Timber our Future

Timber windows, doors and conservatories are made from hardwood trees, a fully renewable source of raw material, which must be harvested regularly in order to maintain the vital balance of growth between new, young trees and mature, established trees. It is the balance of growth rate which is meant when we hear of sustainability and properly managed forests. If trees were not cropped in this way, our forests and their eco-systems would eventually become unable to fulfil their role in supplying the world’s oxygen. Trees store carbon in their leaves, wood end roots. They respire Oxygen. Using more timber, planting more trees and before they become too old are important means to help reduce global warming.

We at Shaw’s are committed to sustainable, properly monitored, forest management initiatives. Trees live longer than any other life form. Some still living are thousands of years old. The first to evolve, 275 million years ago, were the evergreen softwood, or conifers.

Hardwoods, broad-leaved, flowering and fruit-bearing trees appeared 140 million years later, but were less resistant to climate change than the softwoods, which now make up large forests in the northern hemisphere. 

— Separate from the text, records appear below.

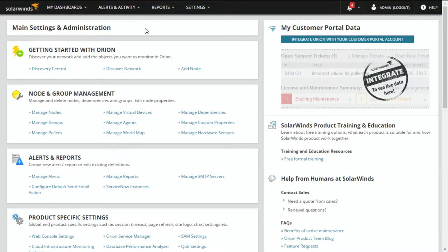You don't know what you don't know. Doing a regular inventory scan will help identify what's in your environment. A great tool to do this with would be our Server and Application Monitor. Here you can quickly do a setup of a discovery scan. The first place we want to go is the main Settings and Administration. We have our Getting Started with Orion, which has our Discovery Central — click on that.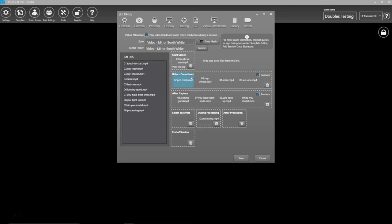For Before Capture and After Capture, multiple files can be played, and one will play at random until all files are played during a session.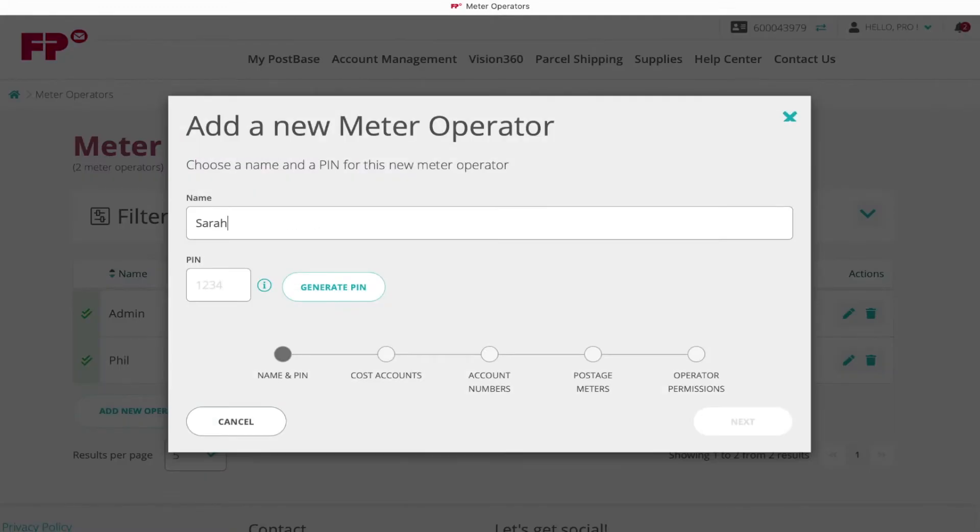Name the new operator and assign a unique 4-digit PIN, then proceed by clicking Next.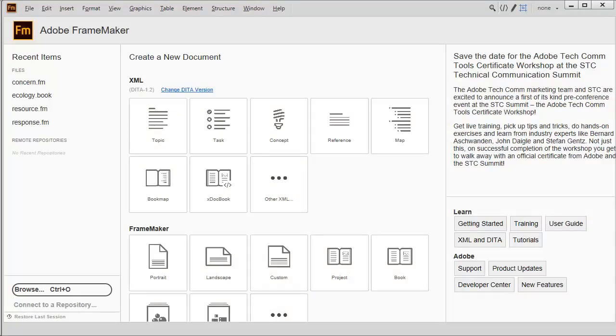When you launch Adobe FrameMaker 2017, a simple-to-use and easy-to-customize welcome screen guides you through common tasks. Let's look at the default appearance to get started. We'll also quickly explore ideas related to customizing the welcome screen.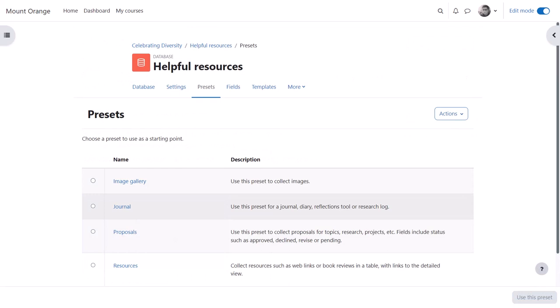There are three new presets which can also be previewed, for example journal.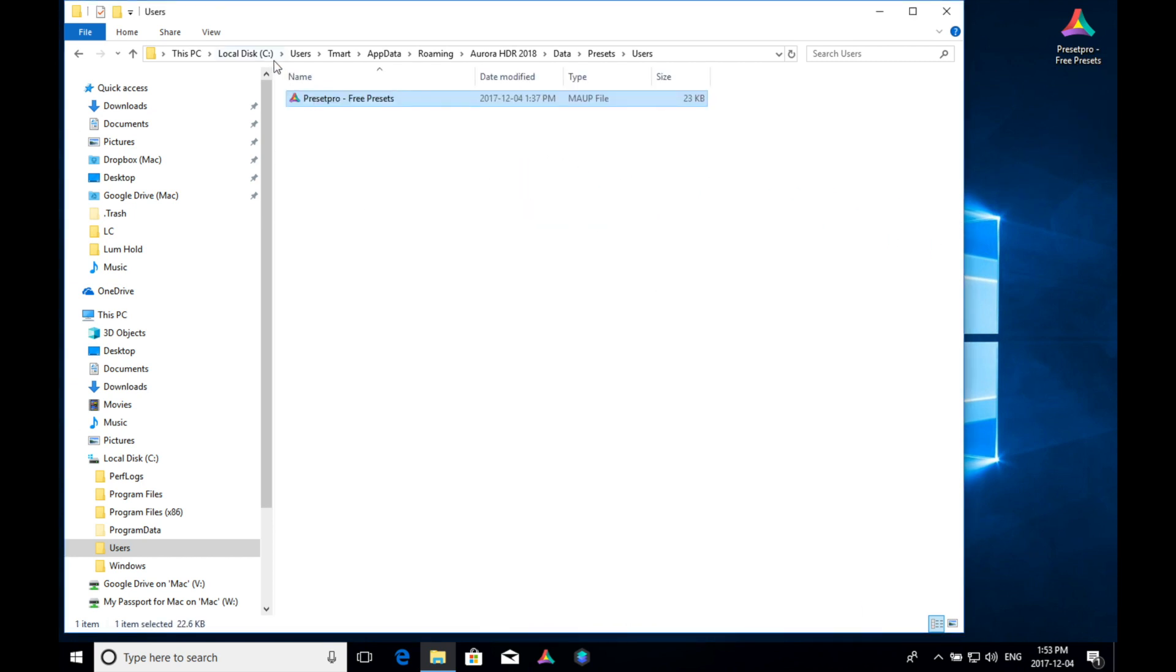So you can follow this path right here. Local disk, users, and the name of your computer, app data, roaming, Aurora HDR 2018, data, presets, and users. That's where your preset will go.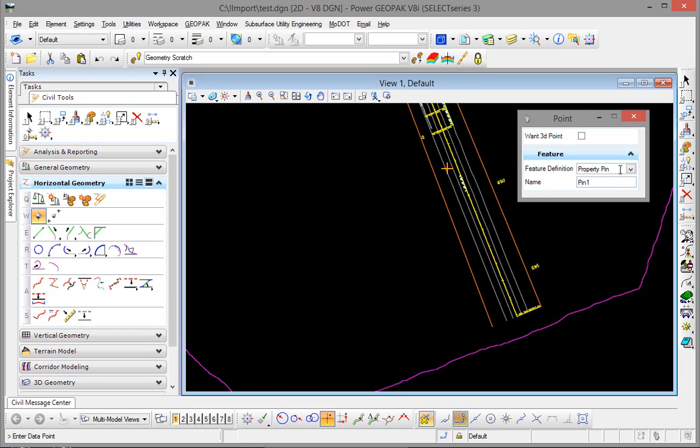We are going to select the feature definition that we want and then give it a name. It needs to be alphanumeric to go back to the GPK file.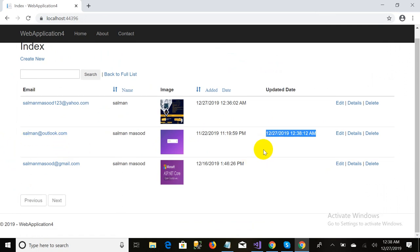As you can see the record is showing the updated data along with the updated date. That's all for this video. Thank you for watching — please like this video, share it, and subscribe to the channel.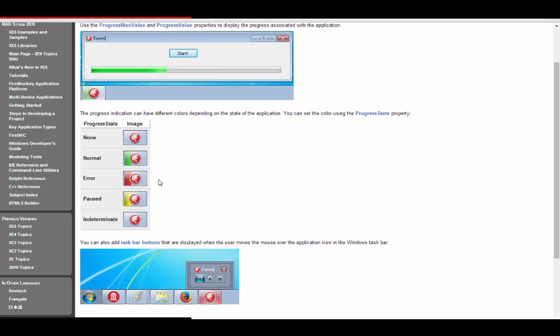If you say File > New FireMonkey App, the TTaskbar won't show up in the component palette, so you can't find it through the IDE drag and drop. But as mentioned, we always figure out ways to do things in code even if they're not something officially recommended.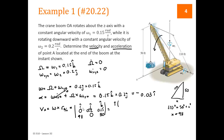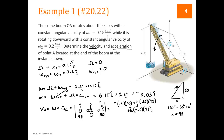Evaluating the cross product: I hat component is 0.2 times 50 minus 0.15 times 0; J hat is 0.15 times 98 minus 0 times 50; K hat is 0 times 0 minus 0.2 times 98. Writing this out, the velocity equals 10 I hat plus 14.7 J hat minus 19.6 K hat.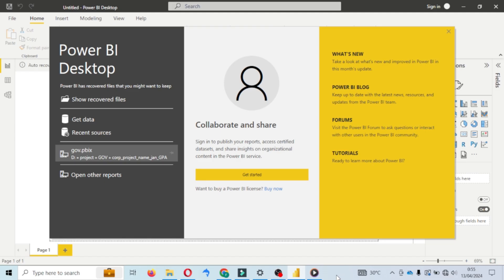Welcome back to the Supercode channel. This time we will discuss creating visualizations with Power BI. We will create a simple monthly sales visualization with a monthly graphic display, so that we will know which products experience very fast sales per month. To shorten the time, let's start making it. Enjoy watching.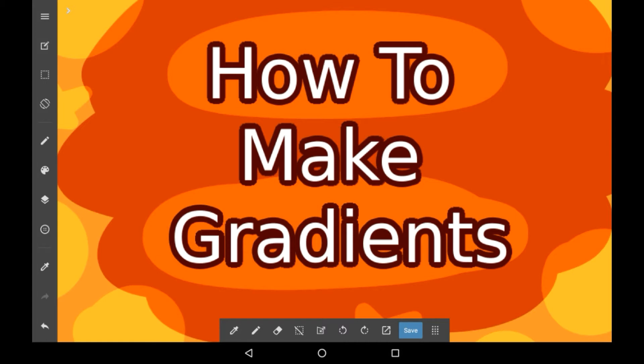This is going to be how to make gradients in Medibang. There is a tool for this, so you don't need to do it manually, but if you want to do it manually, I can probably make a separate video on that.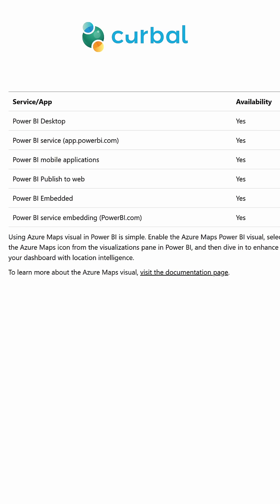All these changes basically mean that Azure Maps is supported across all Power BI services: Desktop, service, mobile, published web, and embedded. This also means that the old visualization will probably go away soon, so make sure you migrate your maps as soon as possible.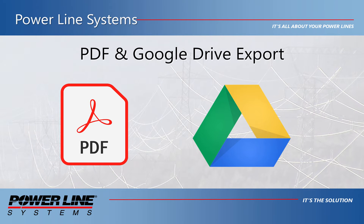In version 16.50, PLS programs have added the ability to export reports directly to PDF files and upload them to Google Drive or Google Sheets. In this video, we will look at a couple examples of how to use these new capabilities.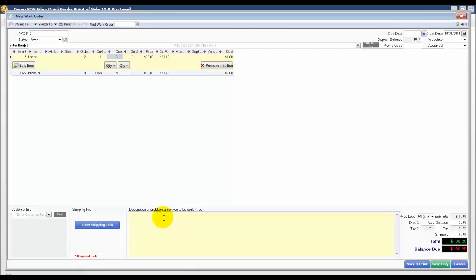Let's just say refinish two cabinet doors and install hinges.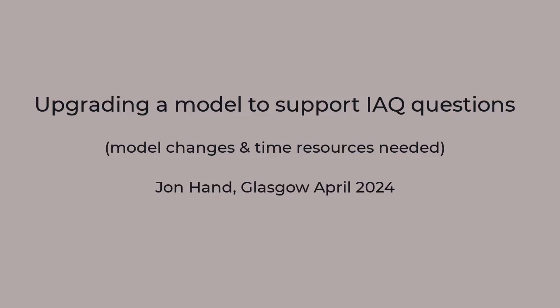In this video, we look at the process of extending an existing simulation model to accommodate indoor air quality as an additional design concern.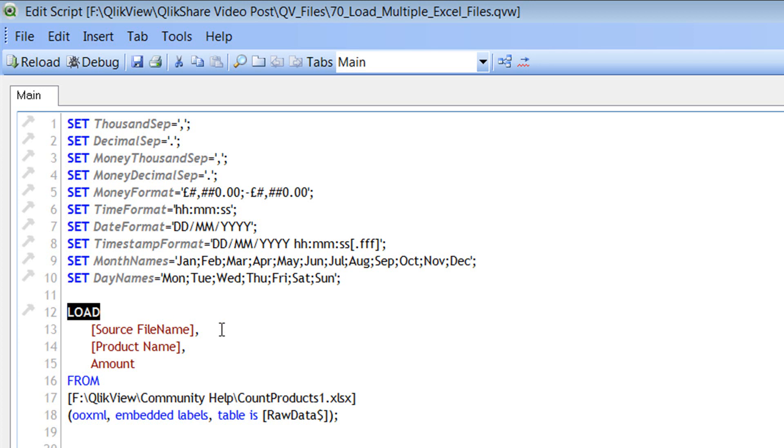Select statement is generally used when you use an ODBC connection or OLEDB connection and when you fetch the data from SQL Server, Oracle, MySQL or any kind of database. And the load statement is very specific to QlikView. So if you wanted to load the data into QlikView's RAM or your server's RAM, then you would use the load statement.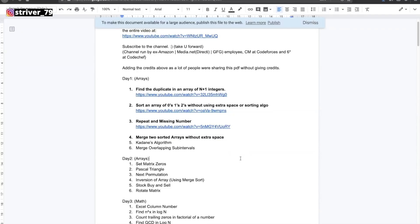Hey everyone, this is Trevor here. Today we will be solving the fourth problem from the SDE sheet, that is merge two sorted arrays without extra space.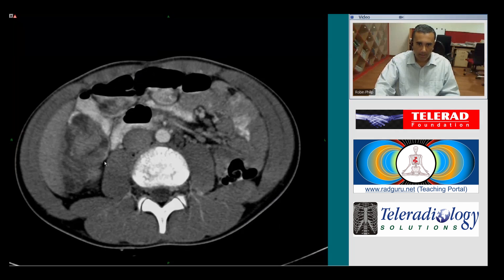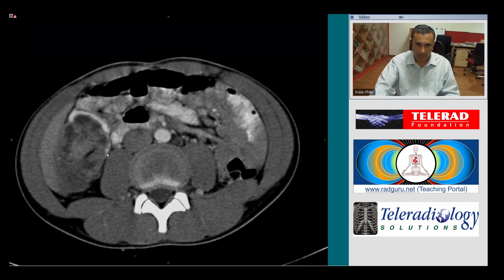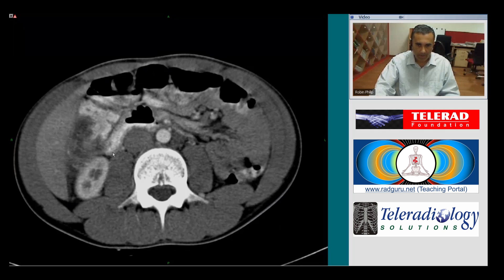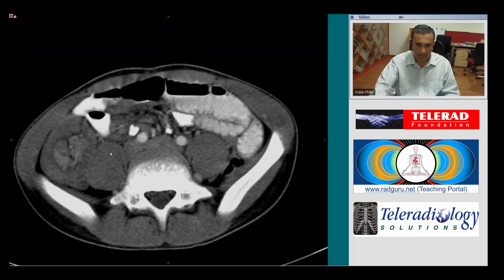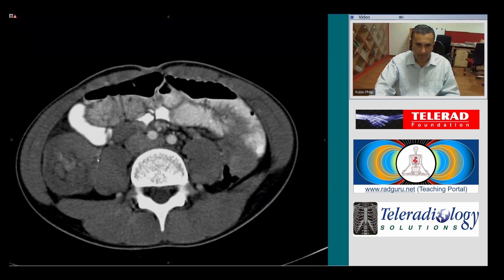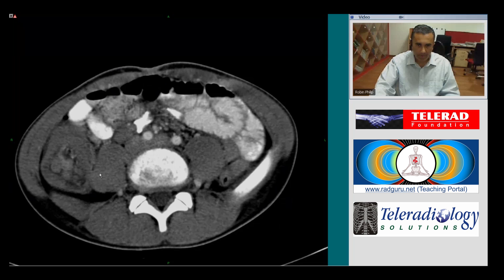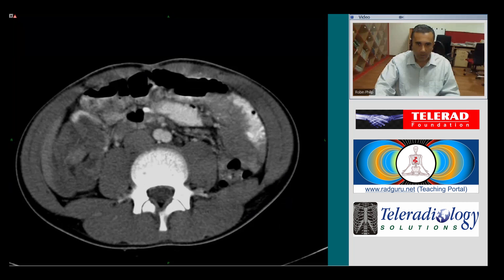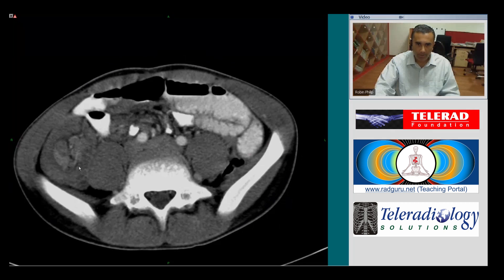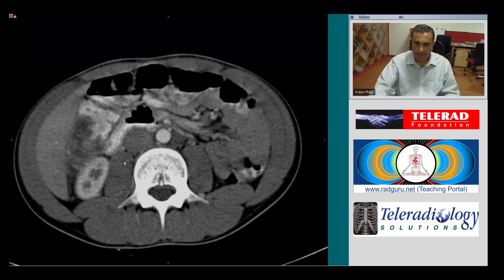In this case the intussusceptum is somewhat edematous and thickened, which indicates that this intussusception has probably been around for a while, with some edema of the intussusceptum. There are also some small polypoid soft tissue densities here, which could potentially represent lymph nodes that have prolapsed along with the terminal ileum and mesentery into the colon.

The names softwood and hardwood refer to differences in structure of the wood, rather than density. Softwood bear cones and have needles or scale-like leaves. Their seeds are not enclosed in a pod, like hardwood seeds. These conifers supply most of the world’s timber. Hardwoods, which are broad-leaved and produce fruits and flowers, are deciduose, meaning that in temperate areas they shad their leaves in autumn. Their seeds are enclosed in cases with either one or two lobes, monocotyledoneae or dicotyledoneae. Most commercial hardwoods belong to this second group.